Block or noindex auto-generated pages from the start in the usual case, and let them index only in the rare case where each one delivers genuine unique value and real search demand. The default is block, because the typical auto-generated page is templated, thin, or combinatorial, exactly the kind of low-value page that creates bloat. The reason to decide this up front is simple: preventing bloat is far cheaper than cleaning it up after the search engine has indexed thousands of weak URLs and re-rated your site downward for it.
The pivot is value per page, judged honestly. Some generated pages do earn their place, a programmatic page that assembles genuinely useful, distinct data for a query people actually search, where each instance answers a real and different need. Those can be indexed, because each one stands on its own. But these are the exception, and the test is strict: not “could someone find this mildly relevant,” but “does this specific generated page add unique value and meet real demand.” If every page is the same template with a variable swapped in, it fails the test no matter how many you produce.
The “index everything and prune later” approach gets the economics backwards. Once weak pages are in the index, they have already diluted your quality signal and consumed crawl on URLs that should never have been live. Cleaning up means finding them, noindexing them, waiting for re-crawl, and waiting again for the site-wide re-assessment to register the improvement.

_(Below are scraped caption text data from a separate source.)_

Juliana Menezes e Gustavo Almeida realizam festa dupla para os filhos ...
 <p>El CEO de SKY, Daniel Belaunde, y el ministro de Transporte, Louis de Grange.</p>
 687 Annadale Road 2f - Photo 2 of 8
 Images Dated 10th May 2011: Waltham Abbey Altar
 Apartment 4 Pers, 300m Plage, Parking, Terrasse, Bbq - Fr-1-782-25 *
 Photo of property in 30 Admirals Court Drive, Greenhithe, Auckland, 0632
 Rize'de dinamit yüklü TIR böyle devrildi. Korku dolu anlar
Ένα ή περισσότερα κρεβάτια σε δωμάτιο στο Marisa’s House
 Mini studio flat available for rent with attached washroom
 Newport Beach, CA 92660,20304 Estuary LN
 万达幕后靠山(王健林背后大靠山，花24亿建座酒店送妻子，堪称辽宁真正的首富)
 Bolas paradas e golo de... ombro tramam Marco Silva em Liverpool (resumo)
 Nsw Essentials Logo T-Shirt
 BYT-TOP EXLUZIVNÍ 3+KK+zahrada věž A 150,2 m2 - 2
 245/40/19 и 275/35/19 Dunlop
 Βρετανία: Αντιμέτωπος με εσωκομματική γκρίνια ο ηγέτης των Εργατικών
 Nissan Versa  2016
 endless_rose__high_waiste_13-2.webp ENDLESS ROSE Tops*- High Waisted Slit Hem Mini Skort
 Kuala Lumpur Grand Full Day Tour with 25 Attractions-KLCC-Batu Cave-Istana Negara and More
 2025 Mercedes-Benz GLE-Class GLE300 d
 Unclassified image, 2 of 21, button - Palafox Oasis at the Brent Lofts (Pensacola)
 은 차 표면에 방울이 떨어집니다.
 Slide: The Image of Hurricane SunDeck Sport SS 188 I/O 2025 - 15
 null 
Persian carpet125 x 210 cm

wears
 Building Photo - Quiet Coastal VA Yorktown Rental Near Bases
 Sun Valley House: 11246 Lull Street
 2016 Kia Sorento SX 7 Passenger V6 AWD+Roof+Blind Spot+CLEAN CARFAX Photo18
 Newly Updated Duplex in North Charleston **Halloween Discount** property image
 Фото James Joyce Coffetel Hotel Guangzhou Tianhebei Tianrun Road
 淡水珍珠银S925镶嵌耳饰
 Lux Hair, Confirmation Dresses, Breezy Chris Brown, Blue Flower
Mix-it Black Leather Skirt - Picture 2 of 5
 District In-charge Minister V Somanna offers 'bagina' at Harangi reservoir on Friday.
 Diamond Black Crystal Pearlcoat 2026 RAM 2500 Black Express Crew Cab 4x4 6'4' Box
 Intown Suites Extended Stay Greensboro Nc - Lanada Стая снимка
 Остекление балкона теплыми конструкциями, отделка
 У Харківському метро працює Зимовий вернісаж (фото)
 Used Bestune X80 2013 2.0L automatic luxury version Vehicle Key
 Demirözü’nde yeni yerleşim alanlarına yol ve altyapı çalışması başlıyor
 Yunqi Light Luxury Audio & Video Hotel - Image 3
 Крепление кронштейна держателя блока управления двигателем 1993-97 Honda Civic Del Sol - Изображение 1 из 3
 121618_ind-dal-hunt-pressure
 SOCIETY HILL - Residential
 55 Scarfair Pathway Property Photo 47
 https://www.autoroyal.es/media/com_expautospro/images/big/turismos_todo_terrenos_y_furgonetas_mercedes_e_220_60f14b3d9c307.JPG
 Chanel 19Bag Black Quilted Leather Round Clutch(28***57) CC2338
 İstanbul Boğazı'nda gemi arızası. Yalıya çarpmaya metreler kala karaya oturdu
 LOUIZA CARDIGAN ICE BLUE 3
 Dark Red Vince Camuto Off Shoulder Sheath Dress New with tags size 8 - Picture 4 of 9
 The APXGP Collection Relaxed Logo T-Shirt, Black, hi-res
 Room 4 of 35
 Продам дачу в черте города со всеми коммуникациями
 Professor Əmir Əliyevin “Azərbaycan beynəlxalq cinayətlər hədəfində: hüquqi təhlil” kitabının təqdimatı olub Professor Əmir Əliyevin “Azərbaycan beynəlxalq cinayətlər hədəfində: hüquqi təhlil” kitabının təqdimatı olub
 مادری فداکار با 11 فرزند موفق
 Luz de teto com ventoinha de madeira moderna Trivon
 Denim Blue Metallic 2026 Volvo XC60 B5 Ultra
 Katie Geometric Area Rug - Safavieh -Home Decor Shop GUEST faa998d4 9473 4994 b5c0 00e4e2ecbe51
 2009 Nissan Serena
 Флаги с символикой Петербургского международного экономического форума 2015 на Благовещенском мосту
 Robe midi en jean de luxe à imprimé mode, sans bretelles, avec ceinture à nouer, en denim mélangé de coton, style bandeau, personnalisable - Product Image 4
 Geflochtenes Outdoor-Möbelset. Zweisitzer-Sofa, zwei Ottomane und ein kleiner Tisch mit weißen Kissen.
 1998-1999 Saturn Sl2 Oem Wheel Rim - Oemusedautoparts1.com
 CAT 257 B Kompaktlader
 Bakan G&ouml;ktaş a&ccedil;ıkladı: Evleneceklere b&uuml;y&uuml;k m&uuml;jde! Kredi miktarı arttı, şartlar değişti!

Blocking them before they ever index skips all of that. Prevention is one decision made early, cleanup is a long campaign run late.
So set the rule before you generate the pages, not after. Block or noindex the templated, thin, and combinatorial output by default, and carve out indexing only for the specific generated pages that each clear the unique-value-and-demand bar. Decide it at the start, because the cheapest bloat is the bloat you never let into the index.